Dedicati a Padre Giacomo Grasso
Tra le molte curiosità che affastellano i nostri pensieri ve ne è una che si rincorre fin dall’infanzia, l’idea di poter identificare velocemente il santo osservato nelle numerose chiese da noi visitate a partire da alcuni dettagli o elementi fortemente caratterizzanti.
Recentemente una visita in Portogallo nel grande complesso di Mafra ha risvegliato tale interesse destato dalle innumerevoli sculture dedicate ai santi ospitati nell’intero impianto. Tale sommatoria la riscontriamo pure in altri siti e ovviamente in San Pietro, ma forse più dispersiva, vista la grandezza della basilica e del suo colonnato berniniano.
Al ritorno dal viaggio schizzai sul taccuino alcune figure che vengono qui riprodotte con l’idea di un progetto che potesse prevedere la costruzione di un viale dedicato ai santi della chiesa riproposti e reinterpretati alla luce di una rinnovata iconologia.
Si è trattato di applicare una ricognizione memorista a ciò che persiste nel nostro ricordo e che ci fa identificare con una certa precisione, o approssimazione se vogliamo, la figura in questione.
Pertanto le icone sono sottoposte ad un vaglio immaginativo che consente di individuare il santo o la santa rappresentata spesso servendoci di alcuni oggetti che li accompagnano: la ruota dentata per Santa Caterina; Il drago per San Giorgio; la pianta della certosa per San Bruno; la colonna per San Simeone stilita…
Altre volte è lo stesso santo che si misura con sé stesso: ecco che San Lorenzo diviene graticola quadrangolare identificandosi con lo stesso oggetto della tortura; per Santa Lucia bastano gli occhi; per San Pietro da Verona la sciabola in testa; per San Sebastiano le frecce conficcate…
Le sculture proposte prevedono la loro collocazione lungo un viale, come dicevamo, e come ne troviamo molti nei pressi dei monasteri sparsi per la penisola, ma persino una via urbana potrebbe ospitarli, come testimoni provenienti da lontano o pellegrini irrigiditi in una forma scultorea che adopera il principio dell’estrusione che tanto caratterizza il contemporaneo.
In una conversazione che risale al 1997 Padre Giacomo Grasso, da noi invitato all’allora Facoltà di Architettura di Reggio Calabria, ci ha parlato del perché costruire, edificare chiese, entro un panorama teologico che ha come sottofondo una certa secolarizzazione riferita ai “segni dei tempi” ed una visone-revisione della teologia cristiana che non ha mai costruito una “teologia del sacro”, ma piuttosto una “teologia del santo”.
Il cardinale Martini nel suo “Mistero indicibile”, a proposito di un’architettura che traduce la teologia e l’ecclesiologia di un’epoca, ci ricorda il valore del respiro, non solo spirituale, bensì materiale delle chiese, della necessità del colore, potremmo aggiungere del calore.
Le chiese della mia infanzia e nella mia peregrinazione le raffiguro come opere complete, sensiste, capaci cioè di agire sui sensi nei suoi momenti celebranti, con gli odori degli incensi, con i fotogrammi filmici delle vetrate medioevali, con l’austerità romanica e con l’intemperanza barocca.
In tale contesto le sculture hanno rappresentato il necessario completamento.

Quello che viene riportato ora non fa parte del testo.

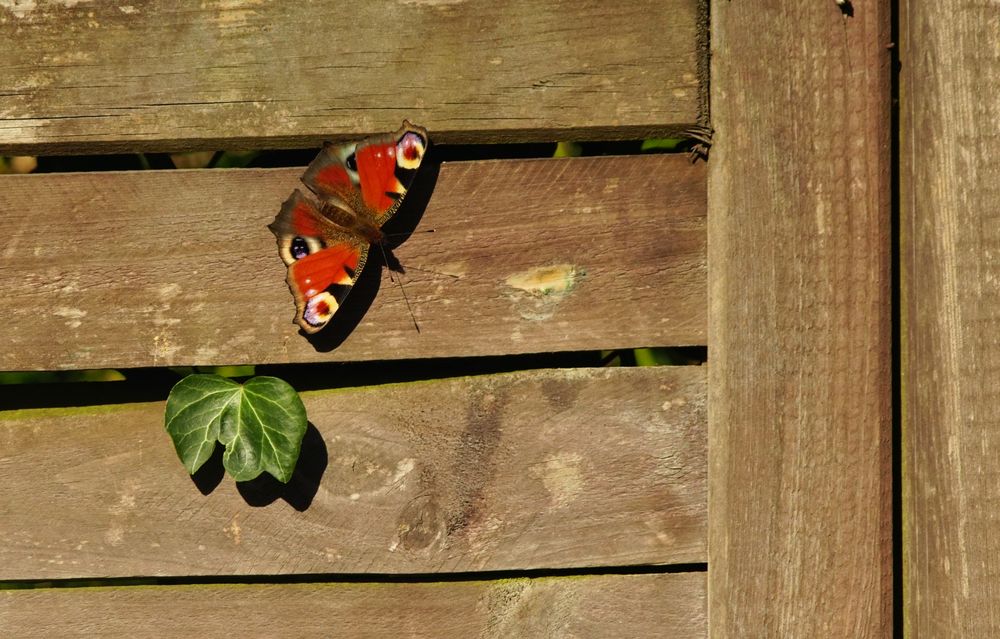 Schmetterling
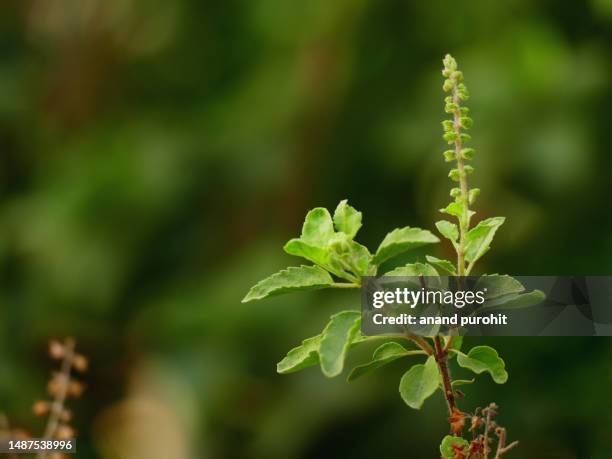 holy basil plant (ocimum tenuiflorum), tulsi - an ayurvedic medicine - tulsi stockfoto's en -beelden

In un esercizio compositivo avrei persino sottratto le sculture alla rotonda palladiana per verificarne l’impoverimento complessivo.
Le sculture dei santi qui proposte, si avvicinano alla Teologia del santo, rispondono non solo ad una necessità personale portata a comprendere le arti nel loro complesso, ma spirano a far rileggere il patrimonio scultoreo legato alla chiesa come necessario.